§ **Dataset extract**:
----------------------------------------

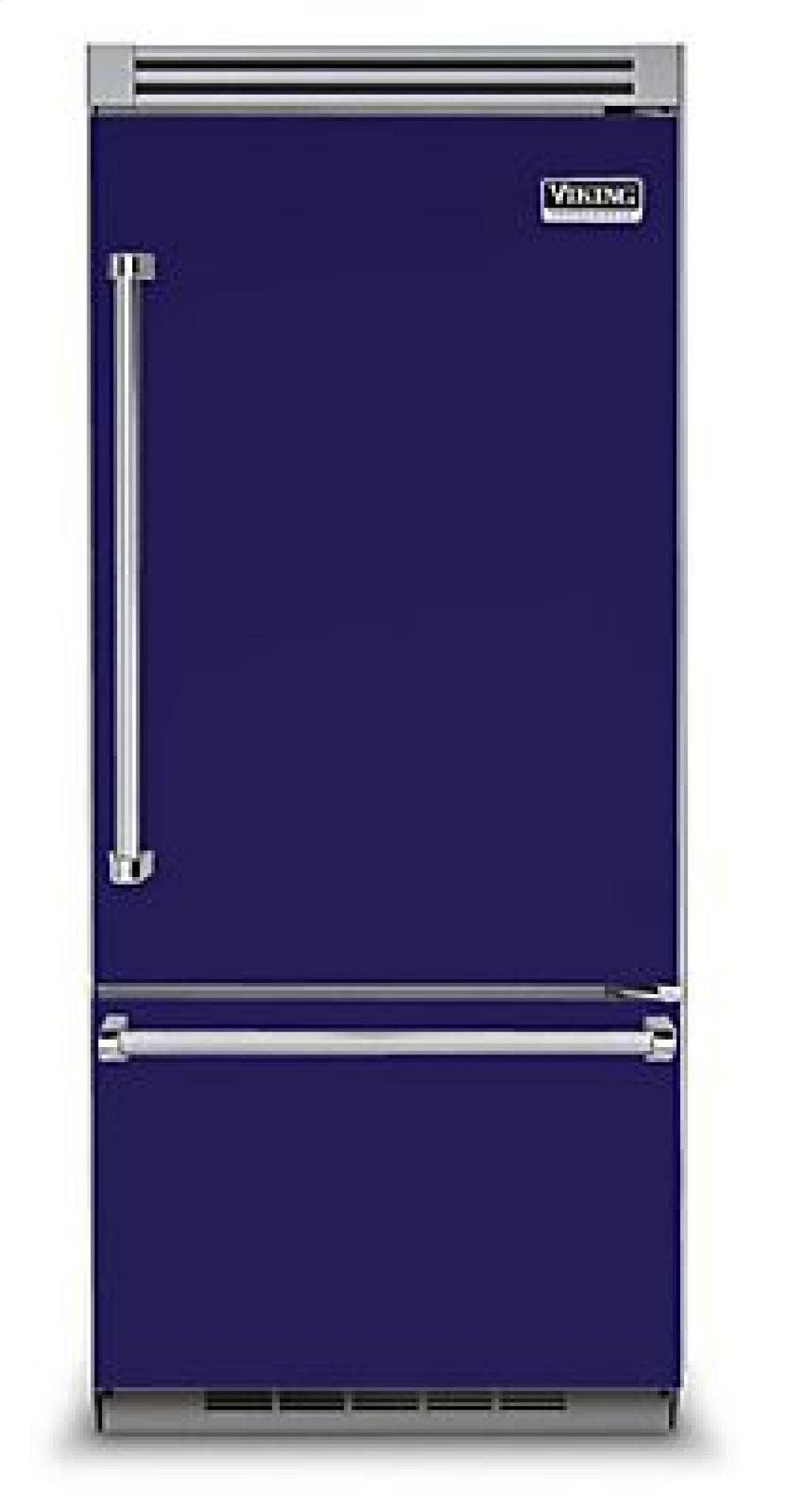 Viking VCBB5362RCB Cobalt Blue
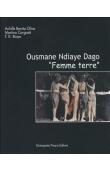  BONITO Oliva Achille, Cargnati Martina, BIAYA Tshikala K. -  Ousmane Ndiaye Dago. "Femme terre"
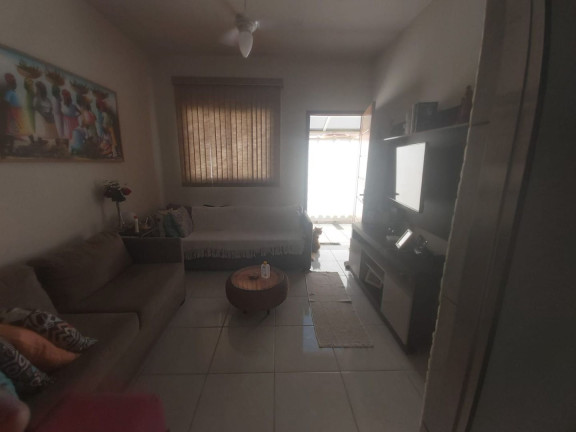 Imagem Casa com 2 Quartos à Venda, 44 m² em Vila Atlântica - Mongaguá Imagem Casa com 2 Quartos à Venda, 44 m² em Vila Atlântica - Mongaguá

----------------------------------------

§ **Exercise requirements**: Each line of the data needs to be output exactly, with any image excluded.

§ **Task response**:
 Viking VCBB5362RCB Cobalt Blue
  BONITO Oliva Achille, Cargnati Martina, BIAYA Tshikala K. -  Ousmane Ndiaye Dago. "Femme terre"
 Imagem Casa com 2 Quartos à Venda, 44 m² em Vila Atlântica - Mongaguá Imagem Casa com 2 Quartos à Venda, 44 m² em Vila Atlântica - Mongaguá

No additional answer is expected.